How do you look at dividend cuts and what do you think of how I described the dividend fluctuations of ETFs? How was your month of December?

Disclaimer: None of the content of this site is to be considered investment advice. Readers have to form their own opinion about which investments are right for them and take full responsibility for their own actions.


6 thoughts on “Dividend Income Update – December 2016

  1. Still, a solid showing from a passive income perspective even if it was a little lower year over year. Distributions from funds are not as easily calculated as from a “traditional” stock and I wouldn’t consider them the same as a dividend. But, to answer your question about a dividend cut, I still hold on to the shares if I believe the company hasn’t changed fundamentally. I held on to my GE, WFC and IR when they cut during the financial crisis and I am happy I did. If I think something has drastically changed with the business and the industry has changed, I’d sell but it’s a tough decision nonetheless. Thanks for sharing.


    • Hi DH,
      thank you very much for your comment. I agree that fund distributions work different to how they work at companies. Nevertheless, I do consider them dividends as well. I even pay the same tax on them, unfortunately. Even though the dividend particularly from my UK dividend ETF was lower year over year, I plan to hold on to it. I might even add to that position in a few months or so. First, I will write another post on an addition to another position.
      Thanks for stopping by.


  2. Hi DIB,
    The important thing is that you’re building a foundation so I think it’s all good in the long-term.

    I don’t really worry about fund distributions too much. I did get lower than expected distributions from VIHAX, but haven’t looked into why it was lower as it could simply be currency related. I don’t think there was a massive amount of inflows to the fund but they did announcement a purchase fee so perhaps there was.

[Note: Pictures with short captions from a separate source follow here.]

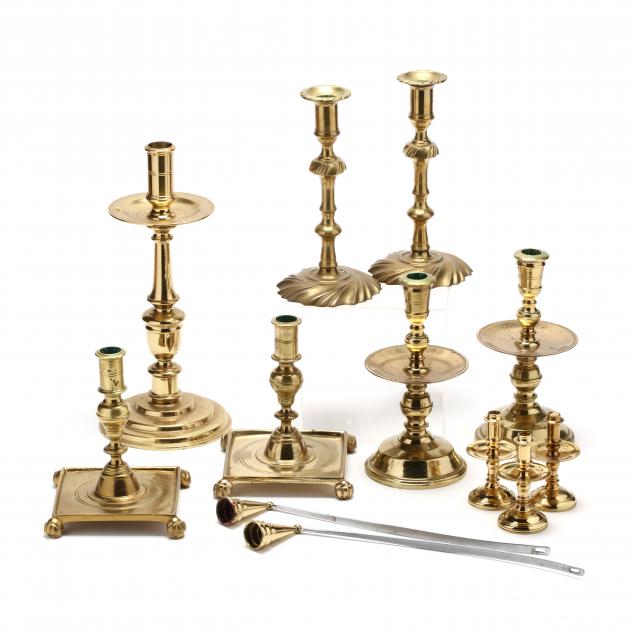 virginia-metalcrafters-ten-brass-candlesticks-and-snuffers-for-williamsburg-restoration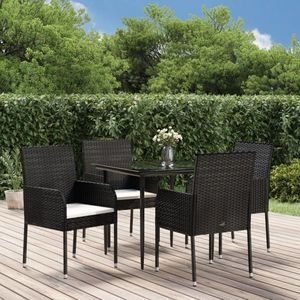 vidaXL Set mobilier de grădină cu perne, 5 piese, negru, poliratan imagine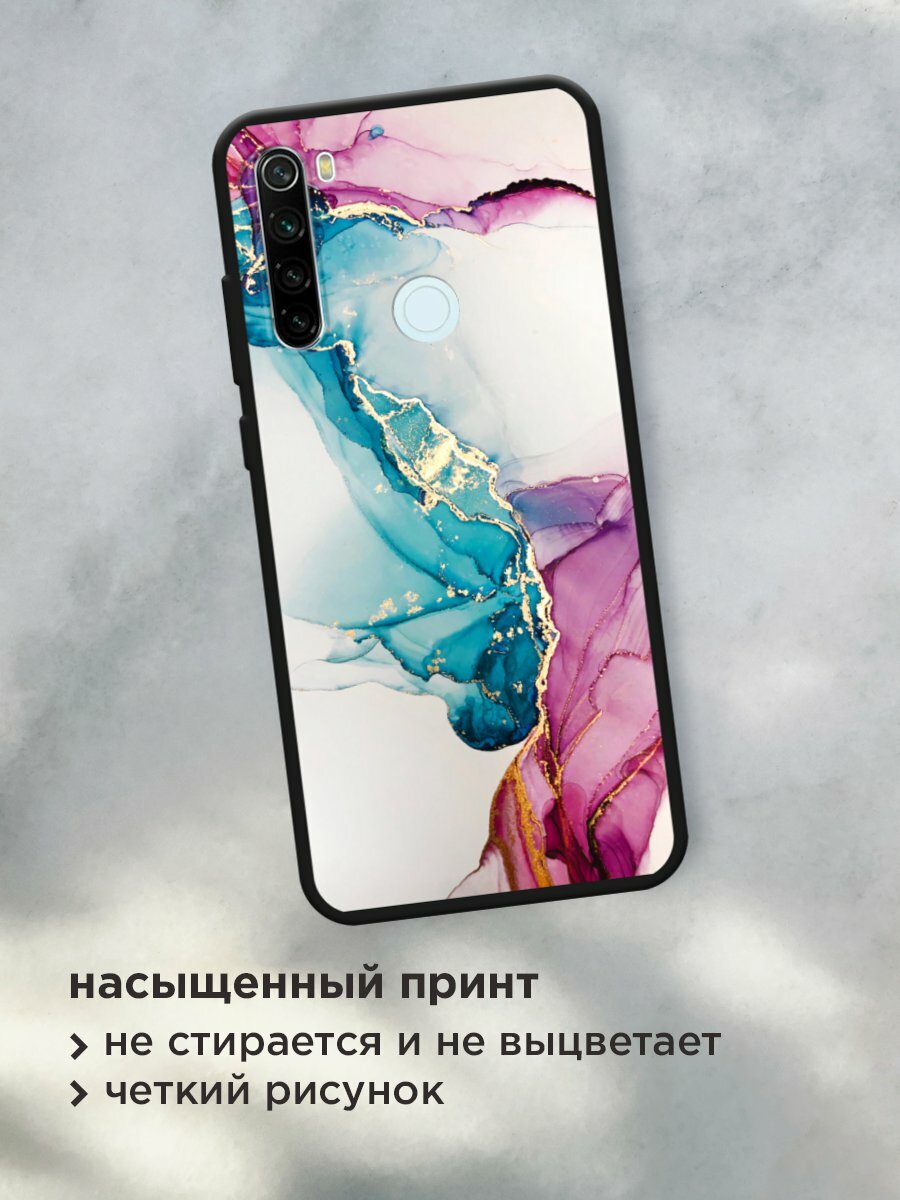 Черный матовый чехол на Xiaomi Redmi Note 8T / Сяоми Редми Нот 8Т с принтом "Розовые разводы рисунок" — фото 1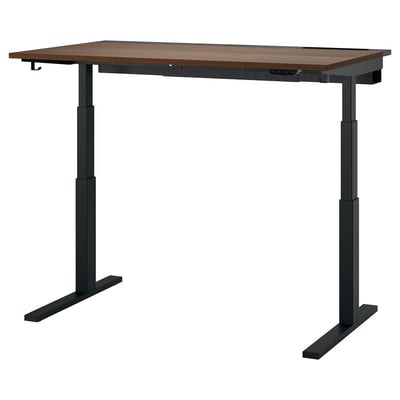 MITTZON desk: sit/stand, dual motors, walnut top, black legs, sturdy.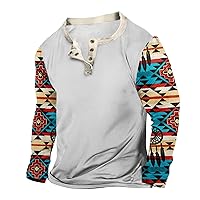 Henley Shirts for Men,Graphic Vintage Fashion Tees Western Aztec Ethnic Henley Shirt Casual Long Sleeve Tee Shirts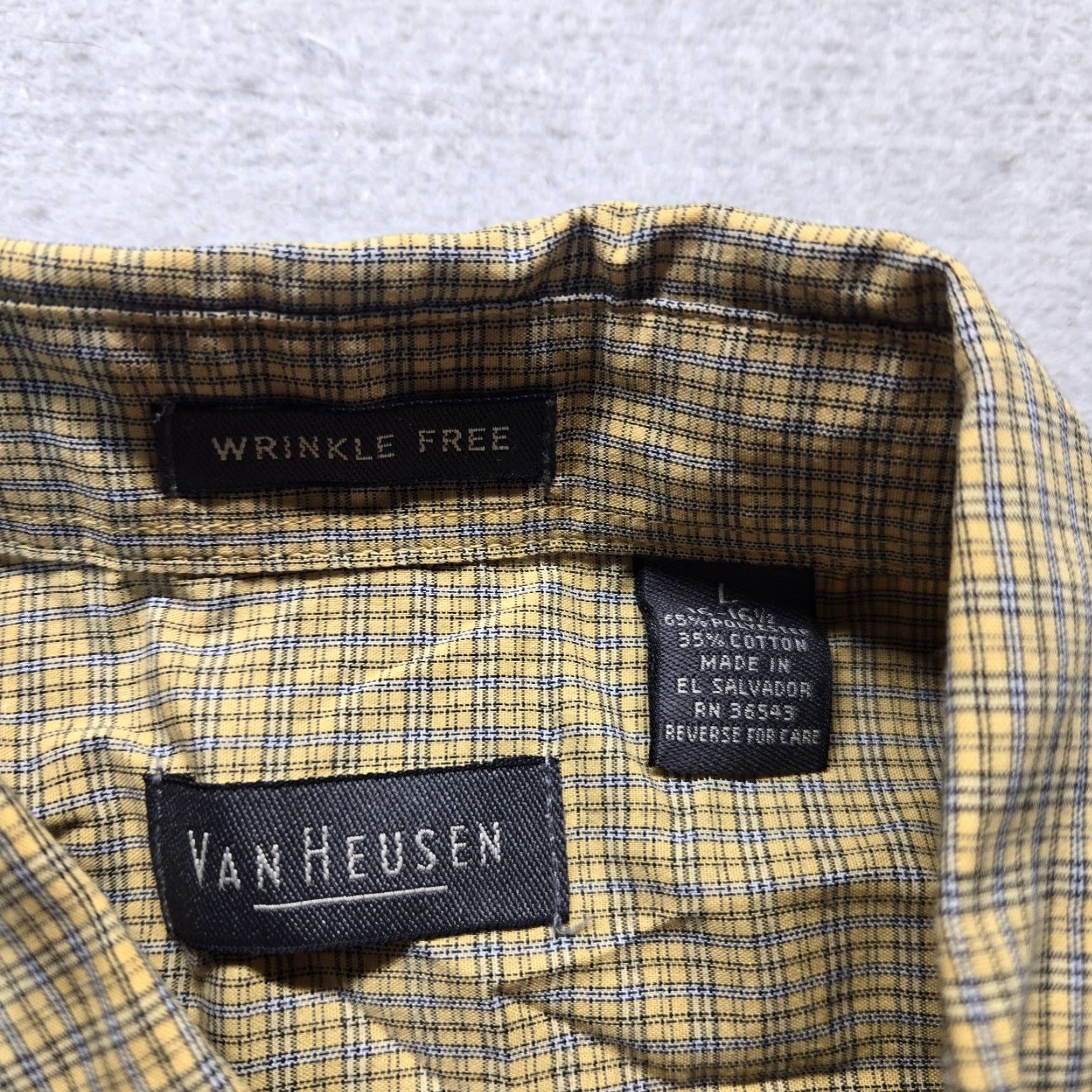 Van Heusen Van Heusen Shirt Mens L Yellow Plaid Long Sleeve Button-Up 16 16.5 Cotton Blend Casual Pockets Captain? Size US L / EU 52-54 / 3 - 3 Thumbnail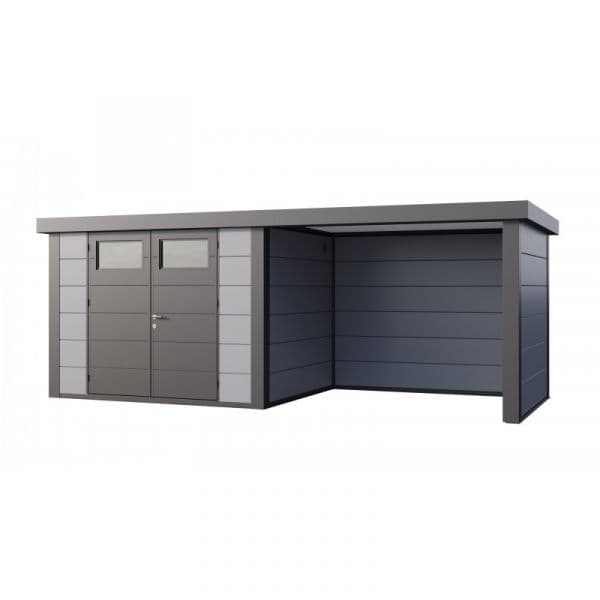 Telluria Abrigo de Jardim Metálico NH7 com Apoio à Direita Cinza Claro (298 x 238) + (284 x 238) Aço Galvanizado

    I wonder if the UK dividends were a little lower in 2016 because they were artificially boosted towards the end of 2015 to avoid the incoming dividend tax changes for 2016?

    Best wishes,


    • Hi DL,
      Thank you very much for your comment. I was actually not aware of dividend tax changes in 2016 in the UK. That could certainly have had an impact.
      Currencies might have played a role as well however I suspect it would not explain the drop from EUR 0.18 to EUR 0.10 in dividends per share.
      Thank you very much for your mental support. I’m indeed trying to build that foundation for years to come.
      Thank you for stopping by and all the best to you and your partner in 2017!